فأنا رأيته متعلقًا بحَقَب ناقة رسول الله صلى الله عليه وسلم تَنْكُبه الحجارة، وهو يقول: “يا رسول الله، إنما كنا نخوض ونلعب!”، ورسول الله صلى الله عليه وسلم يقول:(أبالله وآياته ورسوله كنتم تستهزؤن لا تعتذروا قد كفرتم بعد إيمانكم). (1) لأثر : 16912 – مكرر الأثر السالف، وهو صحيح الإسناد. أحمد محمد شاكر

“Maka aku pun melihat laki-laki itu bergantung di tali onta Rasulullah shallallahu ‘alaihi wasallam dengan tersandung-sandung batu sambil berkata:” “Wahai Rasulullah, kami hanyalah bersendagurau dan main-main saja!.” Dan Rasulullah shallallahu ‘alaihi wasallam menjawab dengan membaca firman-Allah (yang artinya):“Apakah dengan Allah, ayat-ayat-Nya, dan Rasul-Nya kamu selalu mengolok-olok?. Tidak usah kamu meminta maaf, karena kamu kafir setelah beriman.”
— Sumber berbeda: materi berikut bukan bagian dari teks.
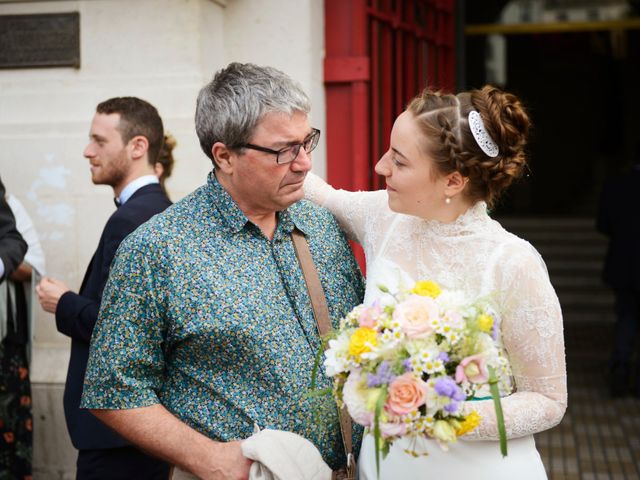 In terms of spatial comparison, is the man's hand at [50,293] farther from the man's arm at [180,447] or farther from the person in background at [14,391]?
the man's arm at [180,447]

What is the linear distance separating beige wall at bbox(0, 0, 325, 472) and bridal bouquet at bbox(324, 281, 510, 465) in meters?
2.62

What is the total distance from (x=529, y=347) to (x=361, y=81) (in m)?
2.76

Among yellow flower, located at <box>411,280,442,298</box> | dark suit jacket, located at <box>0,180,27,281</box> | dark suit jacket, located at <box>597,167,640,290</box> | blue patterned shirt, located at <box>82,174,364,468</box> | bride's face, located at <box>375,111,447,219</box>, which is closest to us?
yellow flower, located at <box>411,280,442,298</box>

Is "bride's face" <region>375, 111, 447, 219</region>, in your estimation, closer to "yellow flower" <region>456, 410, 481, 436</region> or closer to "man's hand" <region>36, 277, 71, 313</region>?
"yellow flower" <region>456, 410, 481, 436</region>

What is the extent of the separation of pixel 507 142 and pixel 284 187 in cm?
58

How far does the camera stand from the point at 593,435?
265 inches

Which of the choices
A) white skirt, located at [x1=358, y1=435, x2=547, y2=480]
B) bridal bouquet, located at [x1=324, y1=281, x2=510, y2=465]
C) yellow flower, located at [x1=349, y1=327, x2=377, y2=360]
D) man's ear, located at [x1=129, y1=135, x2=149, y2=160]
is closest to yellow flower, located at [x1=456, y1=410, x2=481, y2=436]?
bridal bouquet, located at [x1=324, y1=281, x2=510, y2=465]

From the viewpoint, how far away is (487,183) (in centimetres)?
244

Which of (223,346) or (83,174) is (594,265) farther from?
(223,346)

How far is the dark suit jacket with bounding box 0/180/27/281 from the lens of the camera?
3.74m

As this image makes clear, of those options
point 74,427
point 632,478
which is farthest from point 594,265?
point 74,427

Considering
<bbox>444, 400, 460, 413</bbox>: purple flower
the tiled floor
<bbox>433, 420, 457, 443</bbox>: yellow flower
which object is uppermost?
<bbox>444, 400, 460, 413</bbox>: purple flower

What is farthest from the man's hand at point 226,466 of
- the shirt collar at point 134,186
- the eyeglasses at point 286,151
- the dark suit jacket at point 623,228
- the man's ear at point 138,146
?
the dark suit jacket at point 623,228

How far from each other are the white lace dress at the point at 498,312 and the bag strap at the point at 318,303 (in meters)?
0.06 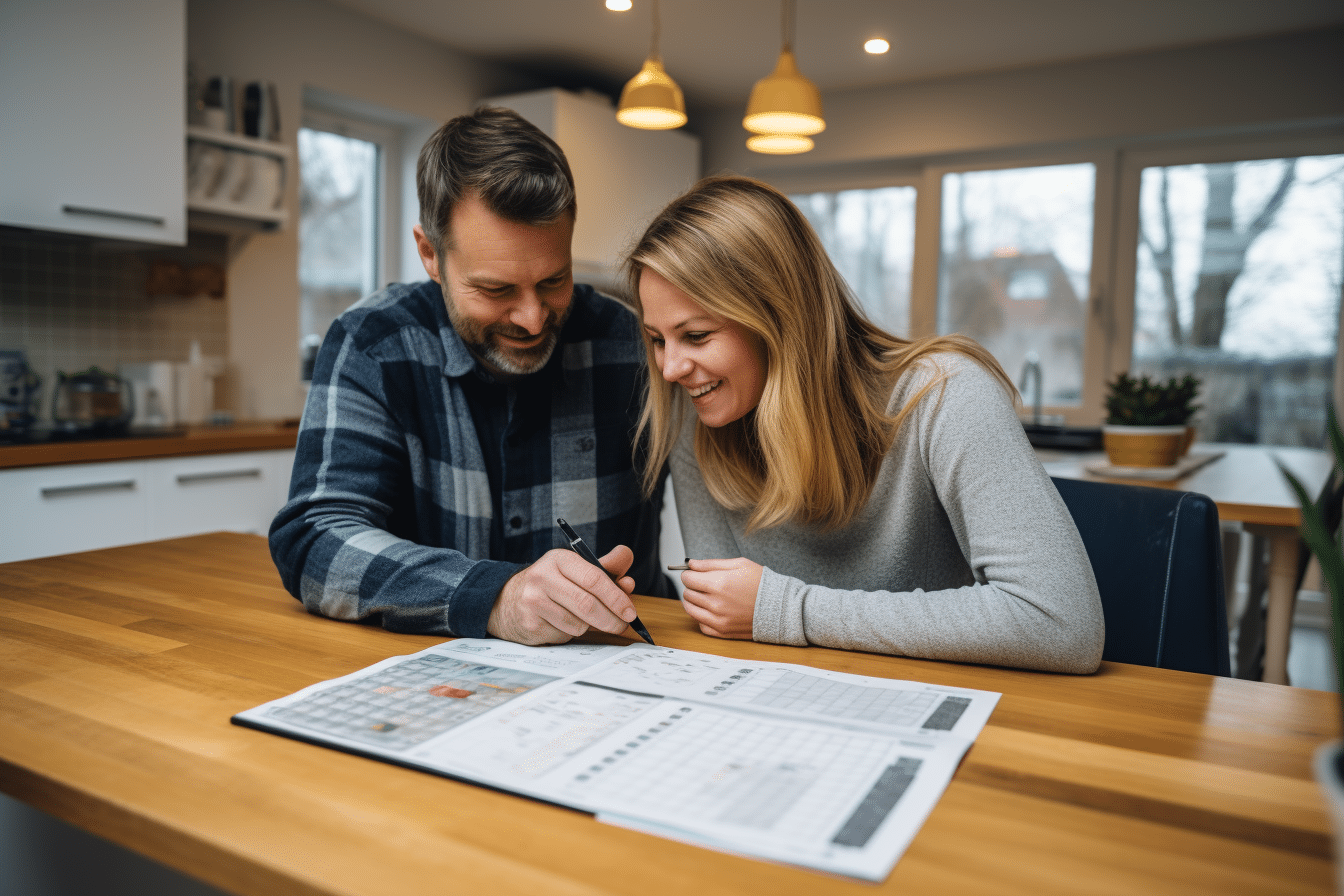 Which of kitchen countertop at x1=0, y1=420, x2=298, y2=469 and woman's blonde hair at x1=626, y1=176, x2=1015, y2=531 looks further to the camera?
kitchen countertop at x1=0, y1=420, x2=298, y2=469

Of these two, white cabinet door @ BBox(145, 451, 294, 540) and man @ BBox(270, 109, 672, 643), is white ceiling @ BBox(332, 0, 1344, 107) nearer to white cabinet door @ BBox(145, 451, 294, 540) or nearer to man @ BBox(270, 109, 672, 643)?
white cabinet door @ BBox(145, 451, 294, 540)

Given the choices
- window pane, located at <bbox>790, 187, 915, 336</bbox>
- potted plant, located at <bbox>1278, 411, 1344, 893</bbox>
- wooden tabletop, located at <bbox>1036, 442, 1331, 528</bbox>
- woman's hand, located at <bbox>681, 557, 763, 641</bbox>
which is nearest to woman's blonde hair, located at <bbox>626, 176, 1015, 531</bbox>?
woman's hand, located at <bbox>681, 557, 763, 641</bbox>

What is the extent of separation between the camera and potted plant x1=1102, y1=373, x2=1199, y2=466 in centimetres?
224

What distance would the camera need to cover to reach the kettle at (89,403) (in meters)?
2.56

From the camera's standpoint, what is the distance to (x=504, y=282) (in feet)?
4.24

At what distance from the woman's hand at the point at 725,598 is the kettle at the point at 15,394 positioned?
7.33 ft

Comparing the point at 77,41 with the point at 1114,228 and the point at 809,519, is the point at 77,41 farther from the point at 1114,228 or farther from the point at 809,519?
the point at 1114,228

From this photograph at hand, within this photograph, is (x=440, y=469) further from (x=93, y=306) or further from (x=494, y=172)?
(x=93, y=306)

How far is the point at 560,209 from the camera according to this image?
4.25 feet

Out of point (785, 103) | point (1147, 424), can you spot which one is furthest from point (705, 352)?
point (785, 103)

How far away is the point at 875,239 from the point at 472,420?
158 inches

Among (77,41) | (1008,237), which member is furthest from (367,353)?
→ (1008,237)

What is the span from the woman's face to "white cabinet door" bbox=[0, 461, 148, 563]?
1843mm

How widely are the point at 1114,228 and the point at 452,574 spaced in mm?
4259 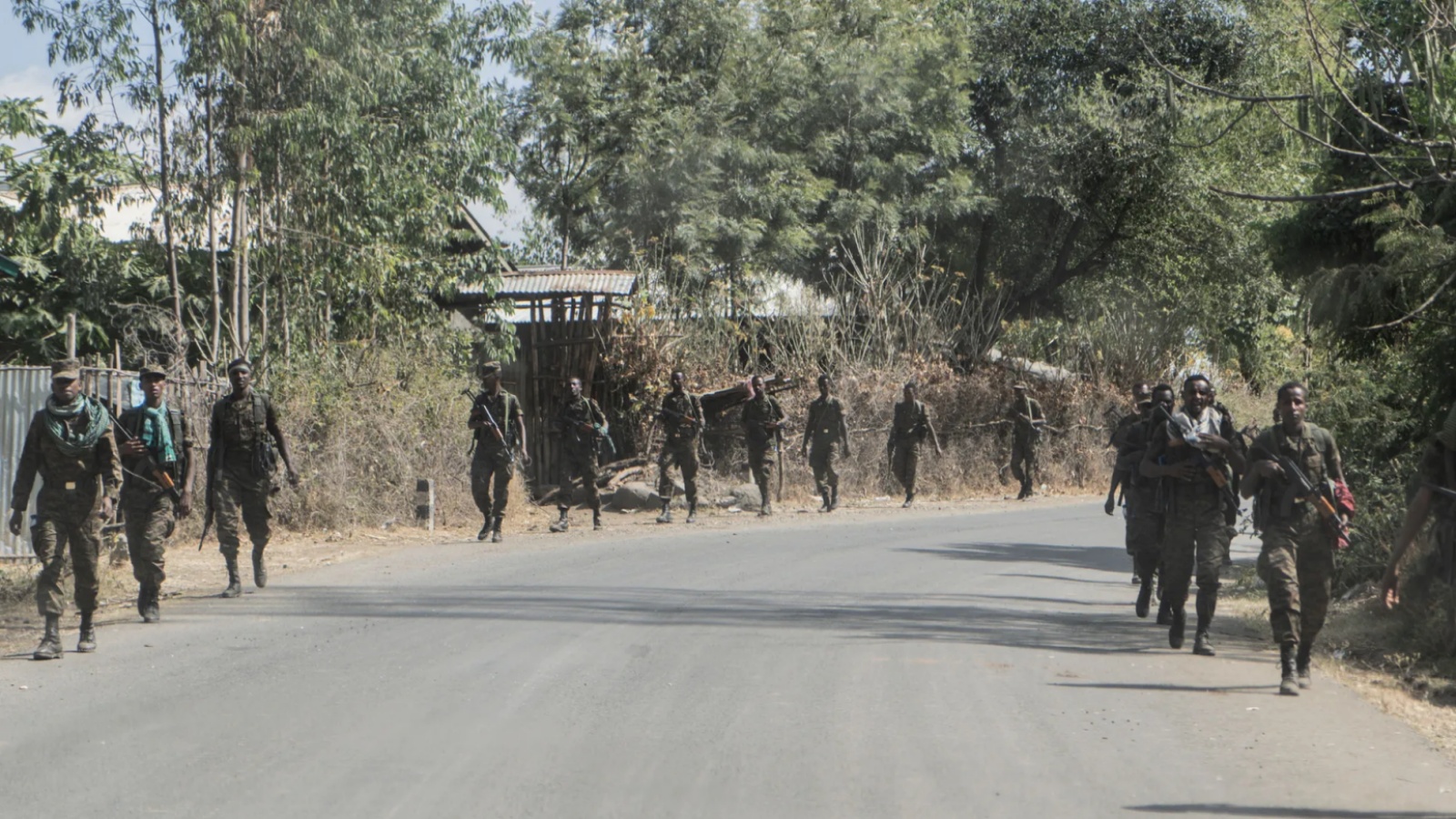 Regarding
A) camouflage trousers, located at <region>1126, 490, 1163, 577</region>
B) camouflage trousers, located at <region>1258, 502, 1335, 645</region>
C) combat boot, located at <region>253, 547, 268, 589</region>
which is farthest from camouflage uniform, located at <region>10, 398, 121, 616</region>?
camouflage trousers, located at <region>1126, 490, 1163, 577</region>

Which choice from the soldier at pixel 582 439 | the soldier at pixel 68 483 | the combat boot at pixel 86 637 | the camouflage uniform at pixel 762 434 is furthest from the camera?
the camouflage uniform at pixel 762 434

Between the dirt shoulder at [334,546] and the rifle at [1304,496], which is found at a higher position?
the rifle at [1304,496]

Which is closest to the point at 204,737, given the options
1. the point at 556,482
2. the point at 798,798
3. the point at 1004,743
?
the point at 798,798

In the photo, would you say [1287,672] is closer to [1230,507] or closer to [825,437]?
[1230,507]

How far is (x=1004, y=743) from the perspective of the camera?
6.58 m

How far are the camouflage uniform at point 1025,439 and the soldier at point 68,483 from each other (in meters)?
17.7

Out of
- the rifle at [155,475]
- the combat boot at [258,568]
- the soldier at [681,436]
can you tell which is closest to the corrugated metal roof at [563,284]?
the soldier at [681,436]

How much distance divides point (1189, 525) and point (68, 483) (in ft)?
21.8

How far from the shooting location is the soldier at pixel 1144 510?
1090 cm

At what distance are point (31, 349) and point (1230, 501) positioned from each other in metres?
17.8

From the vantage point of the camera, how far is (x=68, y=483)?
29.2ft

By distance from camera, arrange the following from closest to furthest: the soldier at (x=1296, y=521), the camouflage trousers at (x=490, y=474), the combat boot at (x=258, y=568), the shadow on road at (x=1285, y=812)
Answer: the shadow on road at (x=1285, y=812)
the soldier at (x=1296, y=521)
the combat boot at (x=258, y=568)
the camouflage trousers at (x=490, y=474)

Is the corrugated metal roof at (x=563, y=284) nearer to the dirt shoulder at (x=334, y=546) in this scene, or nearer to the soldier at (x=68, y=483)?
the dirt shoulder at (x=334, y=546)

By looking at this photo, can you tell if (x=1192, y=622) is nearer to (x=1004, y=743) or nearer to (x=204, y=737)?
(x=1004, y=743) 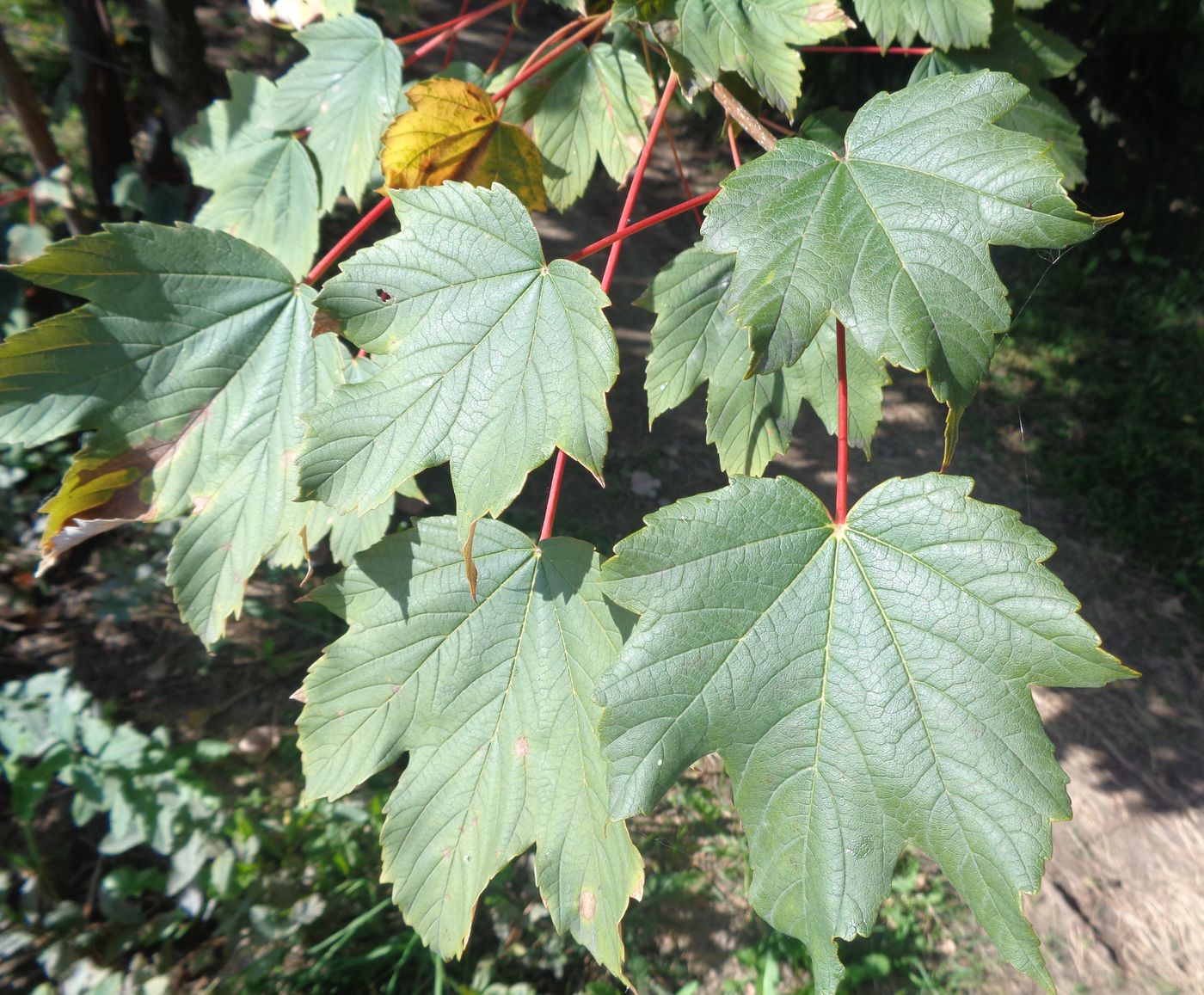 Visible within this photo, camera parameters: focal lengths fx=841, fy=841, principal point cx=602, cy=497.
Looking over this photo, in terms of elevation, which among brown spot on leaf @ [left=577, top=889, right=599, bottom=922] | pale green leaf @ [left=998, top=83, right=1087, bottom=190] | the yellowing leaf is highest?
the yellowing leaf

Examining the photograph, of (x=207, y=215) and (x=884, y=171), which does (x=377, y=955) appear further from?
(x=884, y=171)

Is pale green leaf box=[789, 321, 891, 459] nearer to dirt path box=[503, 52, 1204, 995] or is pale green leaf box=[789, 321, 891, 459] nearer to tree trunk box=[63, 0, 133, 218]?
dirt path box=[503, 52, 1204, 995]

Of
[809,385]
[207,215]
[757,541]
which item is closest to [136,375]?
[207,215]

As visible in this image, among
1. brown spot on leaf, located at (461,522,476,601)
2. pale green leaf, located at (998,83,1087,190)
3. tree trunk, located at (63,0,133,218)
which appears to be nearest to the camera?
brown spot on leaf, located at (461,522,476,601)

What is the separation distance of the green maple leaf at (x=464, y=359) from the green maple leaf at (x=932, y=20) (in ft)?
2.13

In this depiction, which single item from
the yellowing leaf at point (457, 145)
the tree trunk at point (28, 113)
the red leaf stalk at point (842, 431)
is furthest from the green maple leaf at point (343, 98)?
the tree trunk at point (28, 113)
Kisah ini dishahihkan sanadnya oleh pen-tahqiq (peneliti) kitab Tafsir ath-Thabari, syaikh Ahmad Muhammad Syakir rahimahullah. Dan kisah ini dalam redaksi yang berbeda-beda, sebagaimana bisa dilihat di kitab-kitab tafsir bil Ma’tsur.

Para Ulama’ mengambil kesimpulam hukum dari kisah di atas dan dari surat At-Taubah ayat 64-66 tadi tentang kafirnya orang yang memperolok-olok Allah, ayat-ayat-Nya, syari’at-Nya, Nabi-Nya, dan agama-Nya; baik yang dikatakannya itu sungguh-sungguh atau hanya sekedar main-main saja (bercanda).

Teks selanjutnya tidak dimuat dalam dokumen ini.